Journey to Love
- Author: William Carlos Williams
- Genre: Poetry
- Publisher: Random House
- Publication date: 1955

= Journey to Love (poetry collection) =

Book by William Carlos Williams

Journey to Love was a 1955 Random House book by the American modernist poet/writer William Carlos Williams. He dedicated it to his wife. All of the poems are in triadic stanza form, sometimes "with a short fourth line to fill out the measure."

Journey to Love is now collected, along with Pictures from Brueghel and Other Poems (1962) and The Desert Music and Other Poems (1954), in the New Directions paperback Pictures from Brueghel and other poems by William Carlos Williams: Collected Poems 1950-1962.

==Table of contents==
- "A Negro Woman"
- "The Ivy Crown"
- "View by Color Photography on a Commercial Calendar"
- "The Sparrow"
- "The King!"
- "The Lady Speaks"
- "Tribute to the Painters"
- "To a Man Dying on His Feet"
- "Come on!"
- "The Pink Locust"
- "Classic Picture"
- "Address"
- "The Drunk and the Sailor"
- "A Smiling Dane"
- "Shadows"
- "Asphodel, That Greeny Flower"

=="Asphodel, That Greeny Flower"==
The crowning poem of the collection is "Asphodel, That Greeny Flower," about which entire books have been written. By far the longest piece in the volume at thirty pages, this four-part pastoral love poem was originally envisioned as the fifth book of Paterson. He began writing it in 1952 in the midst of health problems—physical (a heart attack and multiple strokes that left him, among other things, with periods of near-blindness and partially paralyzed, able to type only with one hand) and mental (depression). Facing death, he confessed old adulteries to his wife. In this context, he wrote "one of the most beautiful affirmations of the power of love in—and against—the nuclear age, and one of the few memorable love poems in English written not for a mistress but for a wife." He reviews their life together and states that her forgiveness of him has revived him.

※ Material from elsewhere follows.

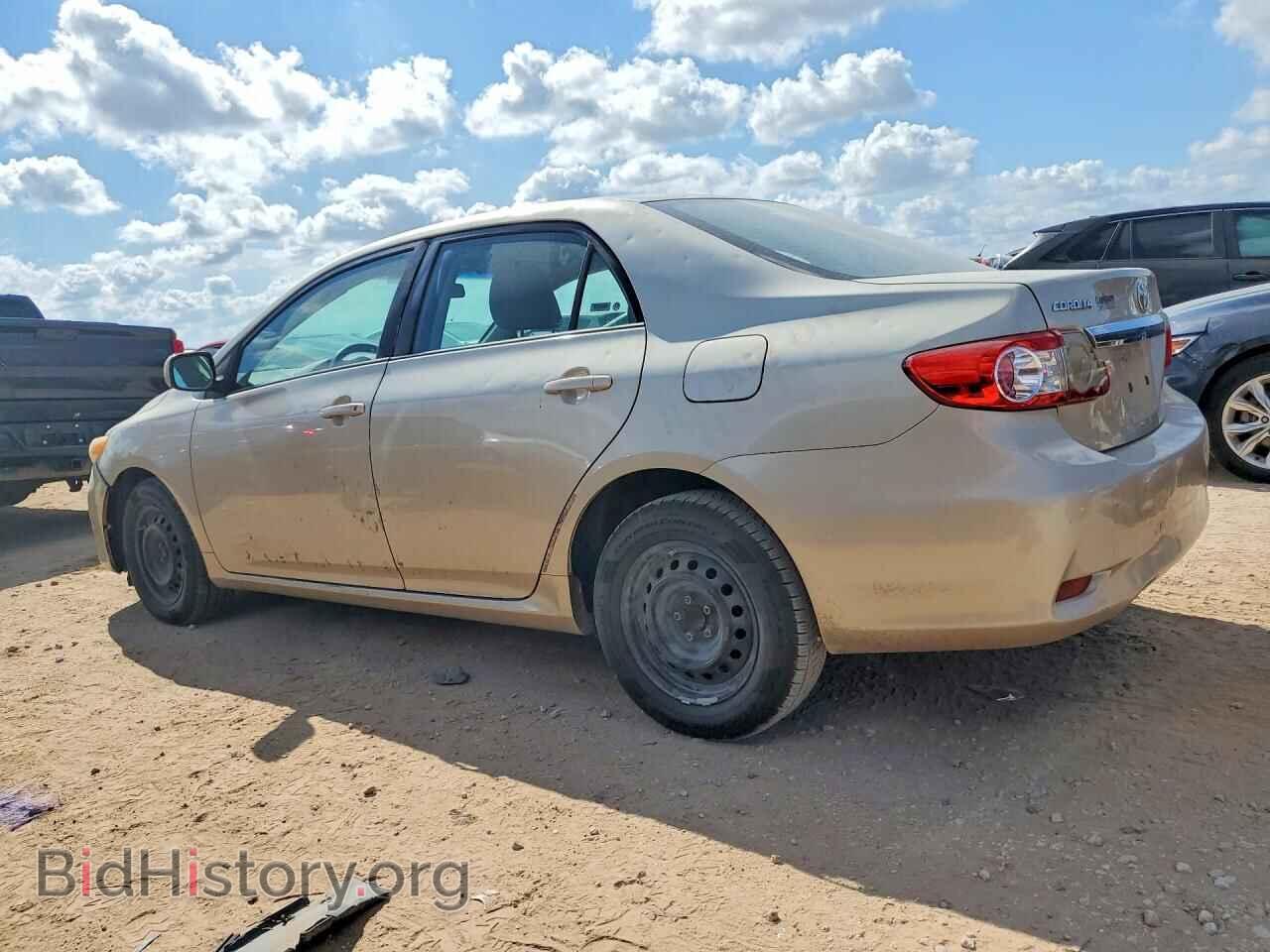 2011 TOYOTA COROLLA - VIN: 2T1BU4EE3BC547720 - Фото 2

Although hardly the most profound thing in the poem, one section is much quoted:

It is difficult
to get the news from poems

yet men die miserably every day
for lack
of what is found there.

A different excerpt from "Asphodel, That Greeny Flower" was used in the fifth and final movement of The Desert Music, a composition for chorus and orchestra or voices and ensemble by Minimalist composer Steve Reich in 1984.